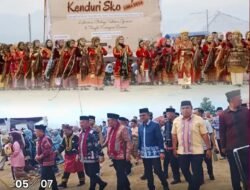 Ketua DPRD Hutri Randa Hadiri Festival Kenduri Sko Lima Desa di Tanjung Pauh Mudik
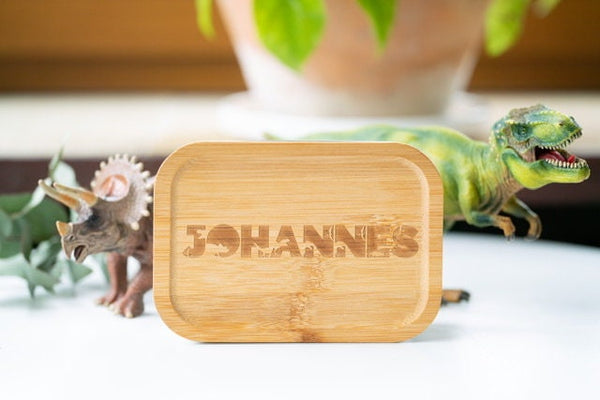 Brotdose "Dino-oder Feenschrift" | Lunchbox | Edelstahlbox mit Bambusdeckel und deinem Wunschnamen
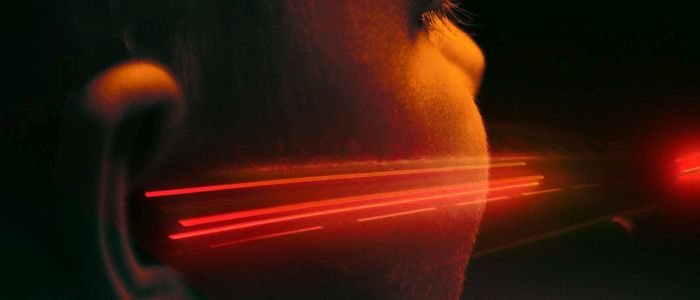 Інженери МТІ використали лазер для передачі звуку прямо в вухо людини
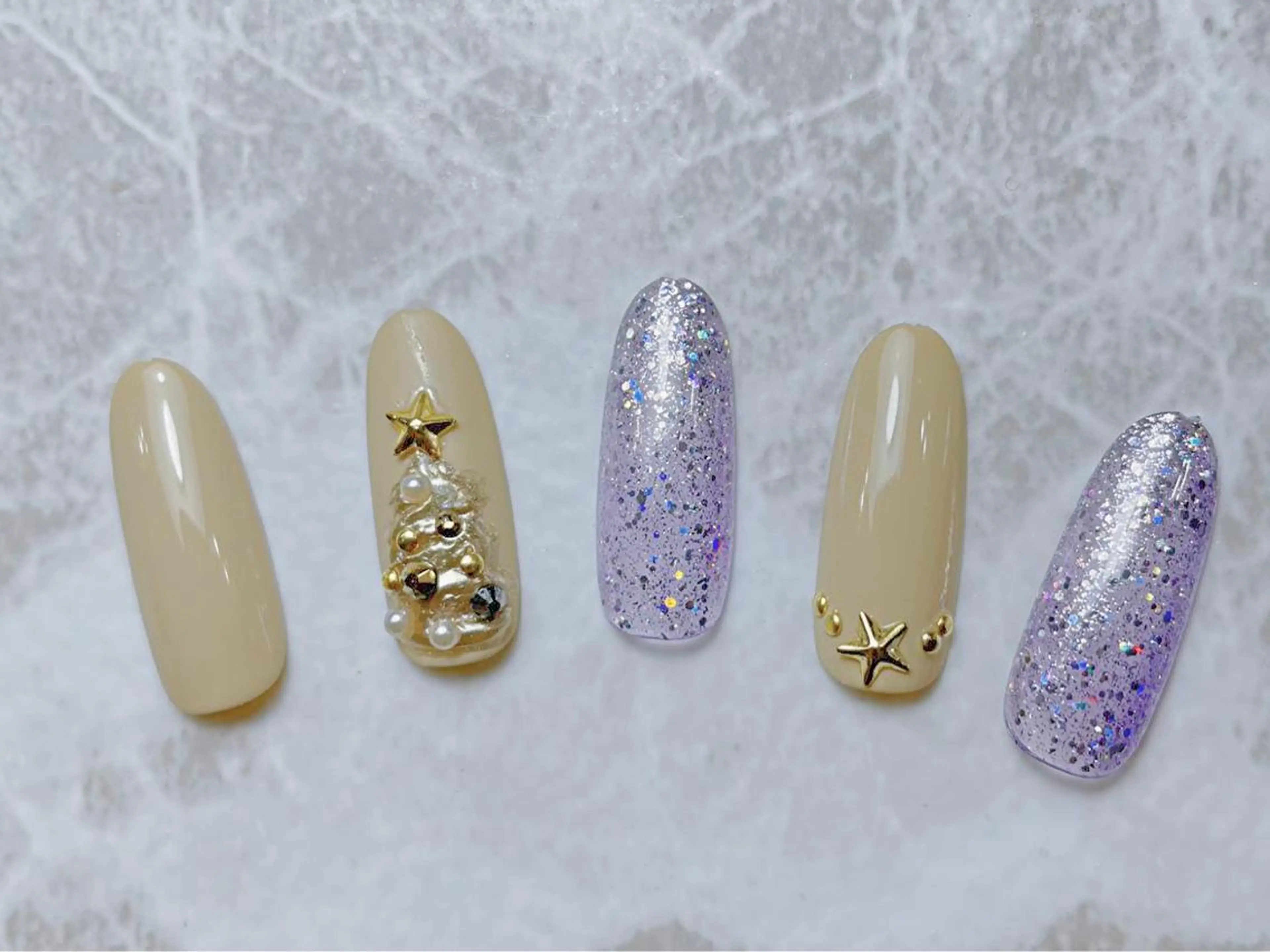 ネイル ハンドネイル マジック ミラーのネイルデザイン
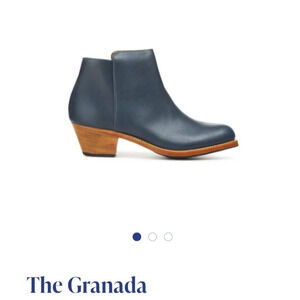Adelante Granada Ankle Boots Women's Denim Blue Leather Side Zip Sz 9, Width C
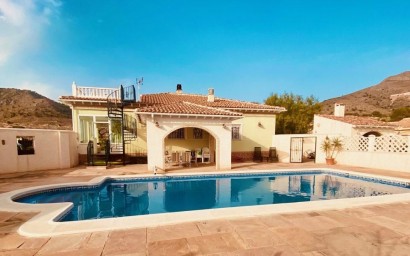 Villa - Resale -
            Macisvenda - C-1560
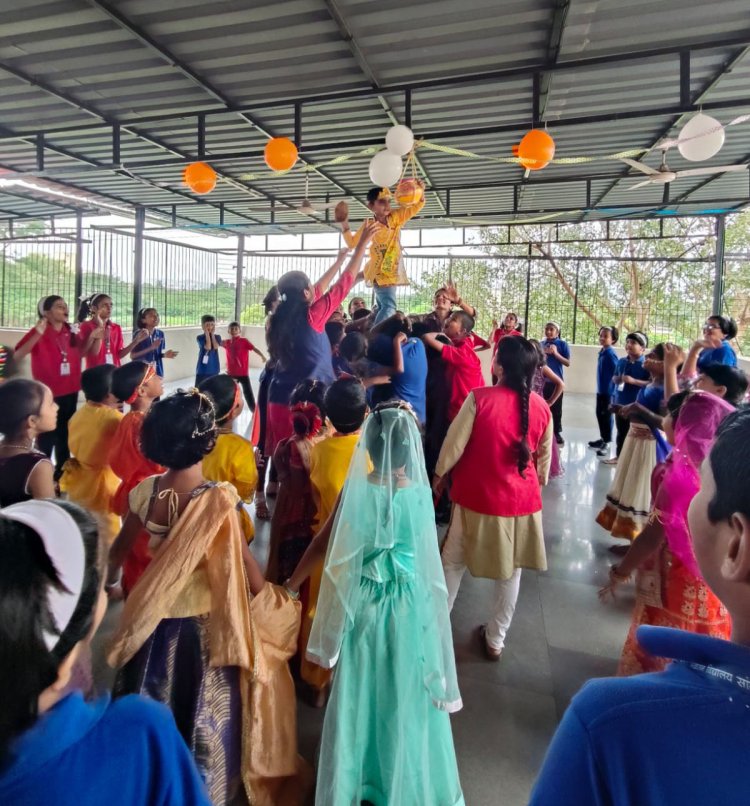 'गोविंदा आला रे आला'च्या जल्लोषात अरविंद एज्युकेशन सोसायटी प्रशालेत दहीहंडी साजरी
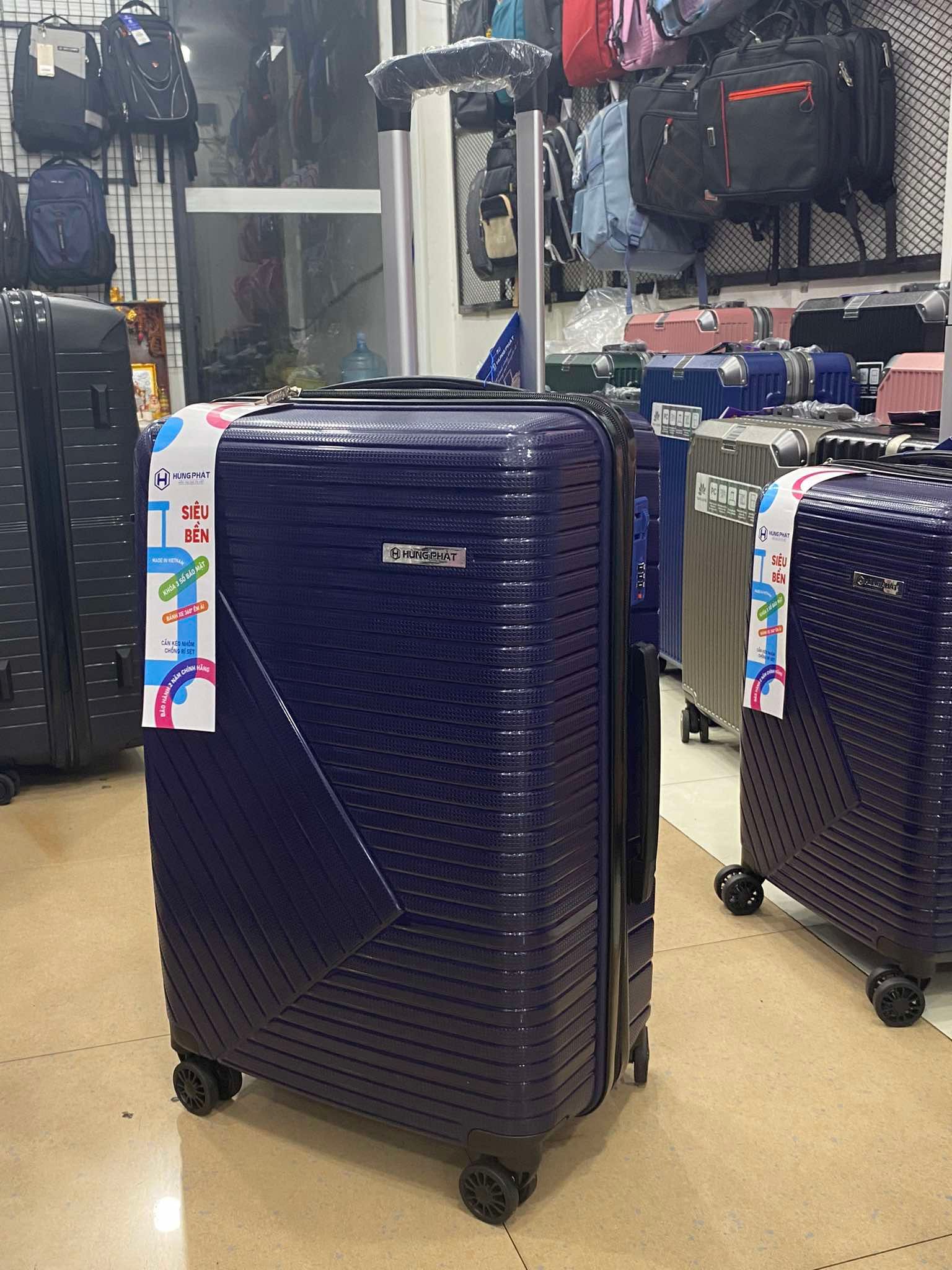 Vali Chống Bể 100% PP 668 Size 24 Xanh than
━━━━━━━━━━━━━━━━━━━━━━━━━━━━━━
Which lines run from the one containing "Macisvenda - C-1560" to the end of the data above? Set down those lines exactly, and only those, without any pictures.

## SOLUTION FOR THIS EXERCISE
            Macisvenda - C-1560
 'गोविंदा आला रे आला'च्या जल्लोषात अरविंद एज्युकेशन सोसायटी प्रशालेत दहीहंडी साजरी
 Vali Chống Bể 100% PP 668 Size 24 Xanh than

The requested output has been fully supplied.